_WHAT IS REQUIRED:_ Take the data from its first line. Print each line exactly until the line containing "Network Apparatus and" has been printed too.

_SOURCE RECORDS:_
····················

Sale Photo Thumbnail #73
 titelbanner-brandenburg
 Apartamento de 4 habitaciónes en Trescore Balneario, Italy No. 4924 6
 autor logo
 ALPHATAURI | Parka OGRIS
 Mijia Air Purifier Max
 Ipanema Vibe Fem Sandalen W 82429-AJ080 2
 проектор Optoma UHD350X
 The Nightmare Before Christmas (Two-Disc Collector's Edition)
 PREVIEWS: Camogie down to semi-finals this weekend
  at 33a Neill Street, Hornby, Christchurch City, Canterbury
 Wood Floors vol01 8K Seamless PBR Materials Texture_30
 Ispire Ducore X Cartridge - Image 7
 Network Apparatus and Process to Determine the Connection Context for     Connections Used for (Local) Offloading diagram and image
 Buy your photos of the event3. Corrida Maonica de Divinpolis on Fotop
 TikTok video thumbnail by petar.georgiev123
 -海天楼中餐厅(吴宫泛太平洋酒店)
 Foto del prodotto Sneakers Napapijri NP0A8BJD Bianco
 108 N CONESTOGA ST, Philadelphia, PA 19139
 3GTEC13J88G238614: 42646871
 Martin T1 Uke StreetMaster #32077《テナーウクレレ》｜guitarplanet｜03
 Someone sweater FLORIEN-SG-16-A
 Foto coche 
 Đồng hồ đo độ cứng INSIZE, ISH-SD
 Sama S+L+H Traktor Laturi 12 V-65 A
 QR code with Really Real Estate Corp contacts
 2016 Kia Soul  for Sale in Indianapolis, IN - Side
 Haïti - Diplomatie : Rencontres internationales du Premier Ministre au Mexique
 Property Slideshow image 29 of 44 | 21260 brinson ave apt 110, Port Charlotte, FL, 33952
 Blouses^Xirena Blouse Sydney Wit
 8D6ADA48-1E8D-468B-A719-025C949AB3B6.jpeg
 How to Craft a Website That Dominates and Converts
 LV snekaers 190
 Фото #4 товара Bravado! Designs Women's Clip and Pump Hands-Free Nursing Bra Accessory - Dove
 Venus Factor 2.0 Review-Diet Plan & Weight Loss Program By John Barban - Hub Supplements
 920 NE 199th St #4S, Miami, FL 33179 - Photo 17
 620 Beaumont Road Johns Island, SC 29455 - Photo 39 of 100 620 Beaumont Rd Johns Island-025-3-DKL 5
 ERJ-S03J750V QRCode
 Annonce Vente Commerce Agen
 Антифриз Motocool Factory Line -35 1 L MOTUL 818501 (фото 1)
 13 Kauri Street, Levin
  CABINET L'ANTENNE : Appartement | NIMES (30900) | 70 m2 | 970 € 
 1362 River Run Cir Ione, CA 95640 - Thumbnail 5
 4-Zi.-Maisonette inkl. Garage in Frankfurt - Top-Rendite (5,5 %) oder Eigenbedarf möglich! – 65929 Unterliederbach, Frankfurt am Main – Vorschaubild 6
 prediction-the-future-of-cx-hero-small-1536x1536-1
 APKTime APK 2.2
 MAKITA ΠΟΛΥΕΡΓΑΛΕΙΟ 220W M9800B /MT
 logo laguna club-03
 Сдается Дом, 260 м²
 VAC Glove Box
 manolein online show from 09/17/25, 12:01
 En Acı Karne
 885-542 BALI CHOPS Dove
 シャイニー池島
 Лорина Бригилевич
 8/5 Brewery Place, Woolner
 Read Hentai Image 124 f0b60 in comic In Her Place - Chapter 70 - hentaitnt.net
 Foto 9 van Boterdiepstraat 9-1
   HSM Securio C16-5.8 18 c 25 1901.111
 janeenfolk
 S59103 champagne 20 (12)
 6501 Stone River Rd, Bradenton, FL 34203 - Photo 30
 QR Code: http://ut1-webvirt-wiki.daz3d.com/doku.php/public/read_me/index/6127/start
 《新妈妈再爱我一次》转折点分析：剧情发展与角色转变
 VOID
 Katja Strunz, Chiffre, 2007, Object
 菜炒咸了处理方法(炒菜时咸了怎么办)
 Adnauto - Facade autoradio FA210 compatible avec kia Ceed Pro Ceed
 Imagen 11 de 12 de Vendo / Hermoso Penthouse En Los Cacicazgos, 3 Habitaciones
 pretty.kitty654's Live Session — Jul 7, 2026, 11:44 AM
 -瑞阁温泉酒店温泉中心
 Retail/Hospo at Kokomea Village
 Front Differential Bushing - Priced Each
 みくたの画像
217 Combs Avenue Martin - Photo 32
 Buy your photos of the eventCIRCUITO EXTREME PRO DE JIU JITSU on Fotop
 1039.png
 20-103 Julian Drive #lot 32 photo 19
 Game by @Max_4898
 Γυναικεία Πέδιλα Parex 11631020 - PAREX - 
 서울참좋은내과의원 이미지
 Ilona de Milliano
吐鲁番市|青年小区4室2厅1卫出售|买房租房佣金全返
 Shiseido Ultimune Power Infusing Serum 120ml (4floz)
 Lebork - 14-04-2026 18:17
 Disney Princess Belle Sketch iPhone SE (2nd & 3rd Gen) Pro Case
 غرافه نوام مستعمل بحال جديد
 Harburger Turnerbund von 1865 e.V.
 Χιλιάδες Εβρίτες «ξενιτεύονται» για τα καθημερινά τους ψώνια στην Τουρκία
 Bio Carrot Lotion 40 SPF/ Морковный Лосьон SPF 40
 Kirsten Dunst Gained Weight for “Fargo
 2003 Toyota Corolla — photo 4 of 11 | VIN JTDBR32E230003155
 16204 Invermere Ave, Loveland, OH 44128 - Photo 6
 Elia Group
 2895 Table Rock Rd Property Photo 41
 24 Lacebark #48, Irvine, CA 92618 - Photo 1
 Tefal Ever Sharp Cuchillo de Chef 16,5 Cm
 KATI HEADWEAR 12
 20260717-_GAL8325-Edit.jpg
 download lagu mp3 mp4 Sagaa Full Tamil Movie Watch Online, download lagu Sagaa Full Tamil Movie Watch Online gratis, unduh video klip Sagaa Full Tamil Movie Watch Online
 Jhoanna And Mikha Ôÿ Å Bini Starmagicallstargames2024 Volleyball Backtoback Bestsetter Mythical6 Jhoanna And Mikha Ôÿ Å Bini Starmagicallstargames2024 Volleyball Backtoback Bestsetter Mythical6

····················

_YOUR SOLUTION:_
Sale Photo Thumbnail #73
 titelbanner-brandenburg
 Apartamento de 4 habitaciónes en Trescore Balneario, Italy No. 4924 6
 autor logo
 ALPHATAURI | Parka OGRIS
 Mijia Air Purifier Max
 Ipanema Vibe Fem Sandalen W 82429-AJ080 2
 проектор Optoma UHD350X
 The Nightmare Before Christmas (Two-Disc Collector's Edition)
 PREVIEWS: Camogie down to semi-finals this weekend
  at 33a Neill Street, Hornby, Christchurch City, Canterbury
 Wood Floors vol01 8K Seamless PBR Materials Texture_30
 Ispire Ducore X Cartridge - Image 7
 Network Apparatus and Process to Determine the Connection Context for     Connections Used for (Local) Offloading diagram and image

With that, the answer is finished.